ASSIGNMENT: Go to the line holding "User Interface Pack" in the data below and repeat it exactly, then each line after it up to and including the one holding "Topographic Map of Ries Airport, IN". Omit pictures.

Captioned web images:
* * * * * * * * *

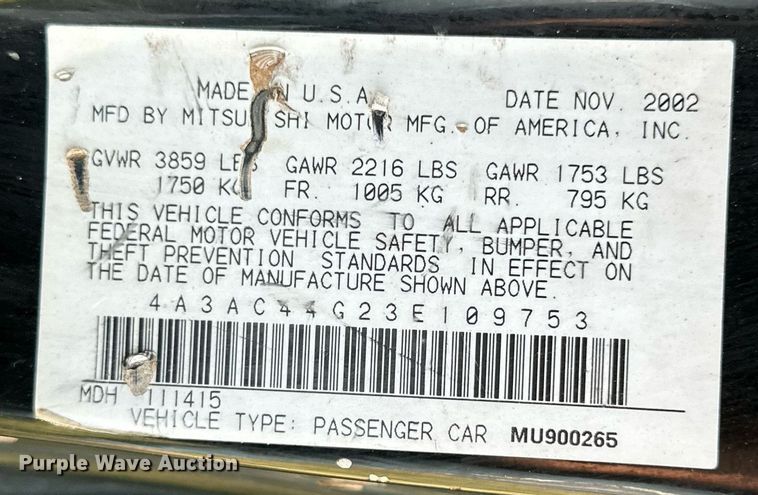 image for item JT9077 2003 Mitsubishi  Eclipse 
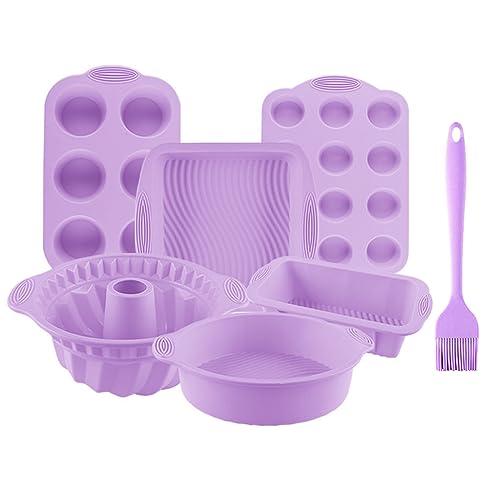 Acidea 7PCS Silicone Baking Set, Nonstick Silicone Bakeware Pan, Soft Easy to demould Baking Mold for Oven, Heat Resistant Bakeware Tray for Muffin, Loaf, Donut, Pizza, Cupcake, Purple - CookCave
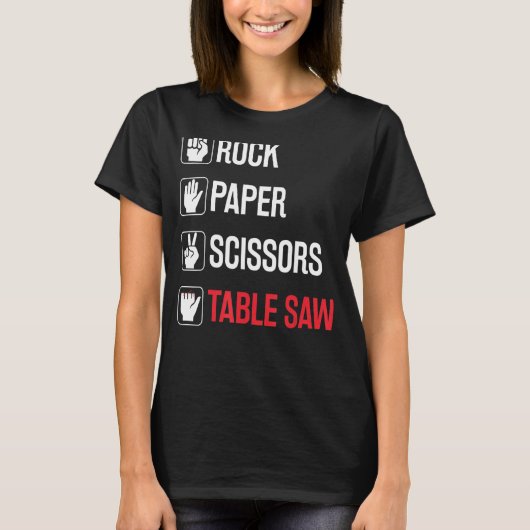 岩紙シザーテーブルソーウッドワーカーカおもしろいイ Tシャツ (正面)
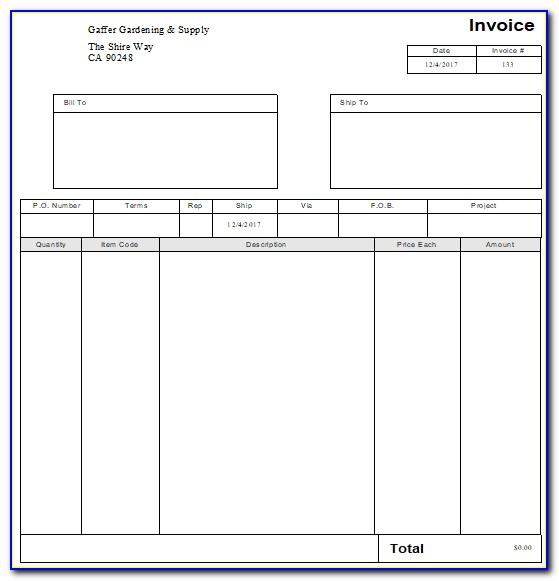 Intuit Product Invoice Template
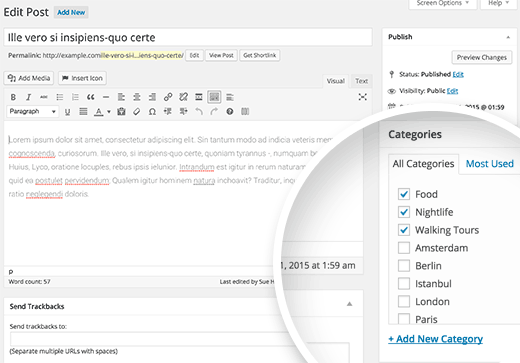 Arquivar uma postagem do WordPress em categorias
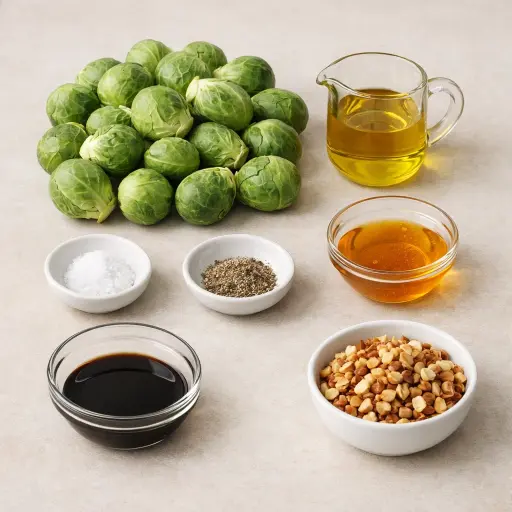 Ingredients for Crispy Roasted Brussel Sprouts with Honey Balsamic Glaze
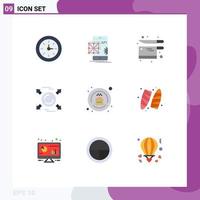 User Interface Pack of 9 Basic Flat Colors of food all cooking direction circle Editable Vector Design Elements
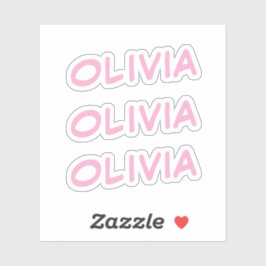 Olivia Decorative Name in Rosa x3 Aufkleber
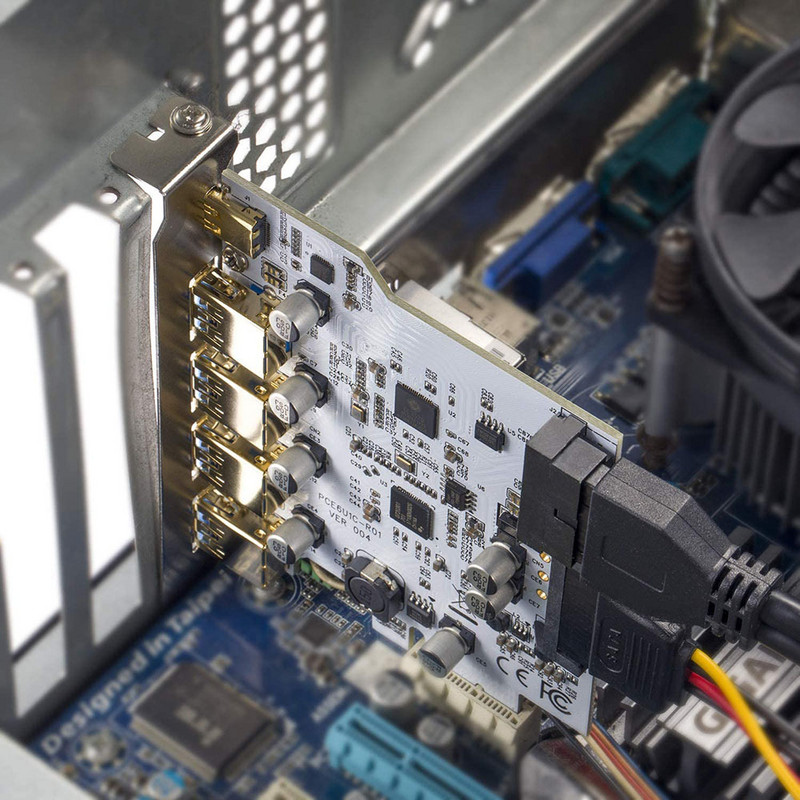 7 prievadai PCI-E prie USB 3.0 išplėtimo kortelės C tipo išplėtimo plokštė PCI-E prie USB 3.0 valdiklio 5 prievadas + 1 prievadas USB 3.1 kortelės adapteris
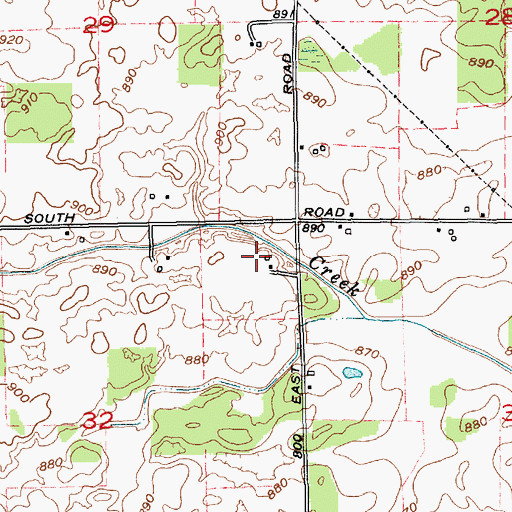 Topographic Map of Ries Airport, IN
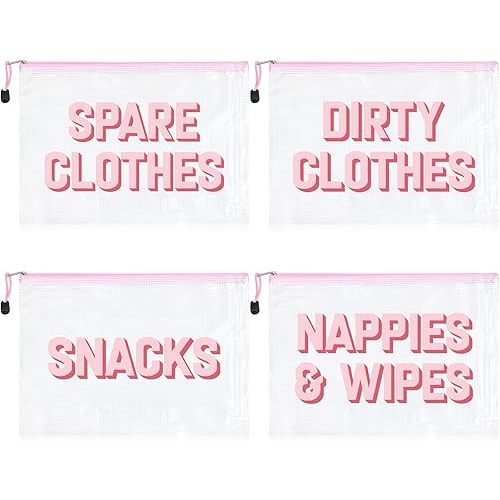 4Pcs Diaper Bag Organizing Pouches Hospital Diaper Bag Organizing Clear Waterproof TPU Kids Toiletry Storage Set Makeup Travel Packing Clutch Cube Bags for Baby Nursing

* * * * * * * * *

RESULT:
 User Interface Pack of 9 Basic Flat Colors of food all cooking direction circle Editable Vector Design Elements
 Olivia Decorative Name in Rosa x3 Aufkleber
 7 prievadai PCI-E prie USB 3.0 išplėtimo kortelės C tipo išplėtimo plokštė PCI-E prie USB 3.0 valdiklio 5 prievadas + 1 prievadas USB 3.1 kortelės adapteris
 Topographic Map of Ries Airport, IN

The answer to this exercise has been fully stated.